Everything from the line containing "Das Hauptgeschäft von" through the line containing "Mengagumi Masjid Agung" should be repeated exactly, and nothing else from the data.

── RECORDED DATA ──

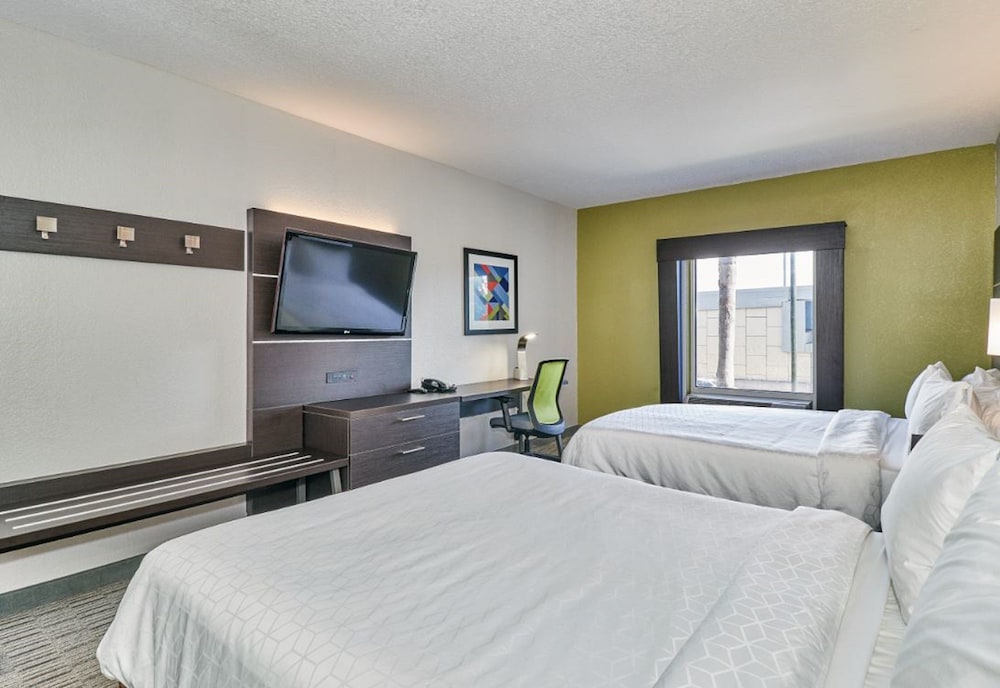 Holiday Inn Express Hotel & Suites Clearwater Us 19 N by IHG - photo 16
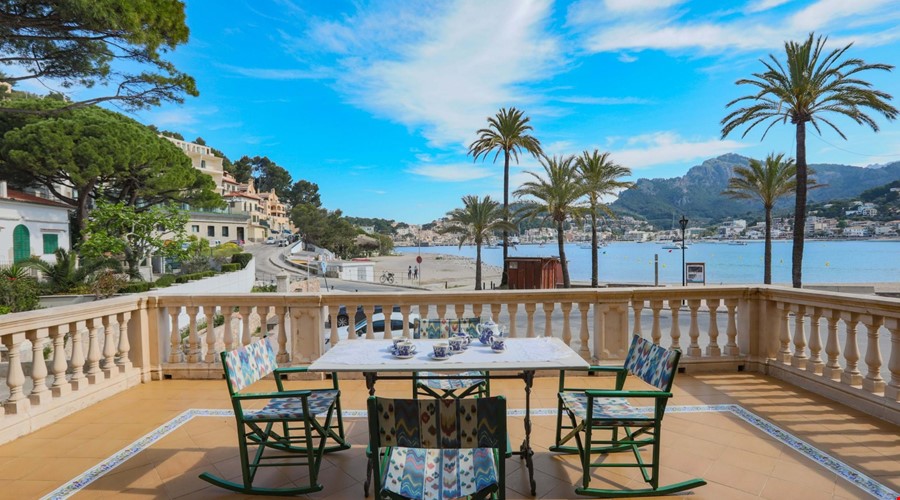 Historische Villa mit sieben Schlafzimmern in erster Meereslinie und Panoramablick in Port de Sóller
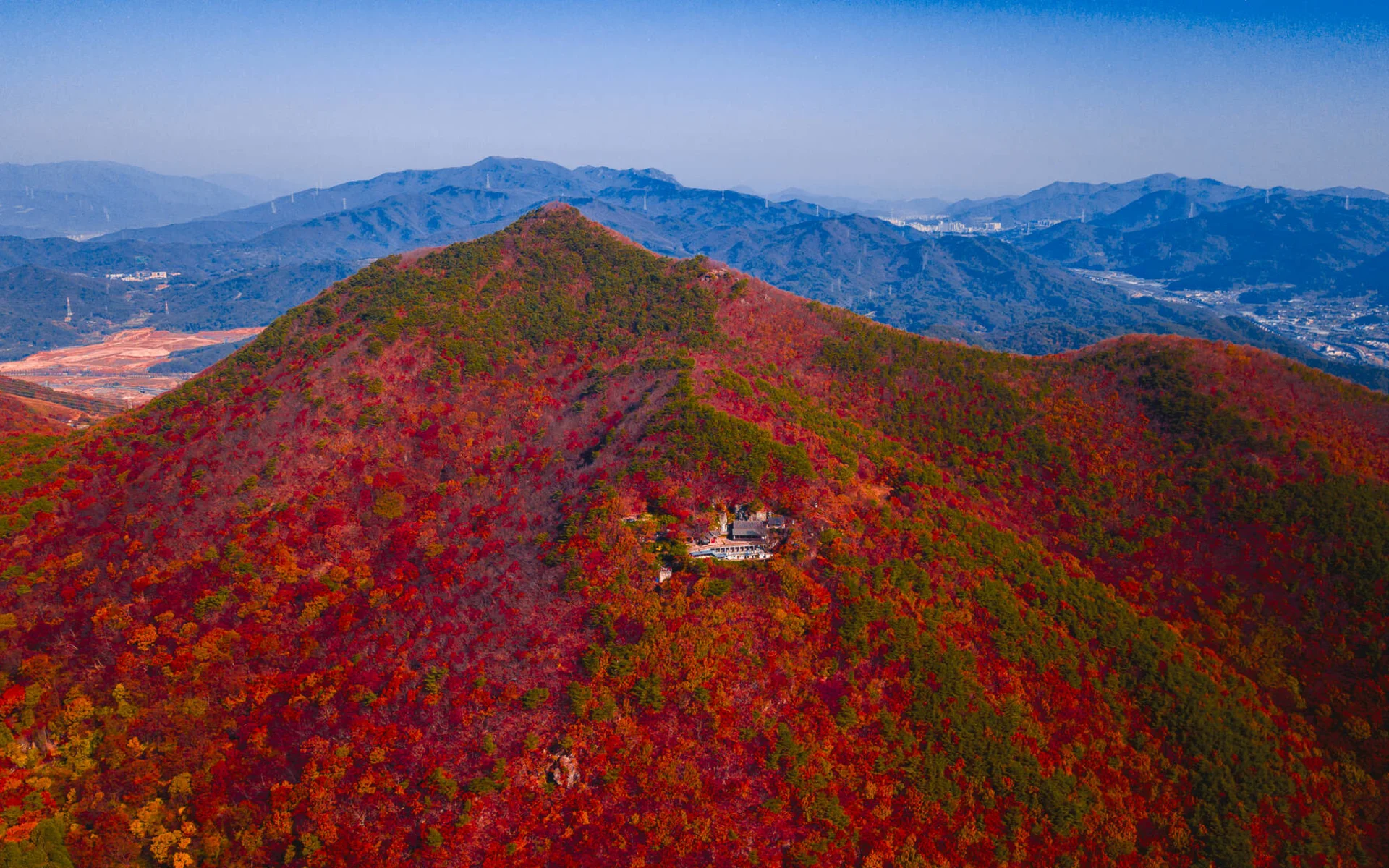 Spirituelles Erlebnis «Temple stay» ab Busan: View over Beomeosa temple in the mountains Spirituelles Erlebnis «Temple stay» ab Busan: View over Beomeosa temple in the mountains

───
── RECORDED DATA ──

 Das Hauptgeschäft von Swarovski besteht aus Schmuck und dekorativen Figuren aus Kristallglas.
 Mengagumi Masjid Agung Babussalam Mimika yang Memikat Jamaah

───

* [RESULT]:
 Das Hauptgeschäft von Swarovski besteht aus Schmuck und dekorativen Figuren aus Kristallglas.
 Mengagumi Masjid Agung Babussalam Mimika yang Memikat Jamaah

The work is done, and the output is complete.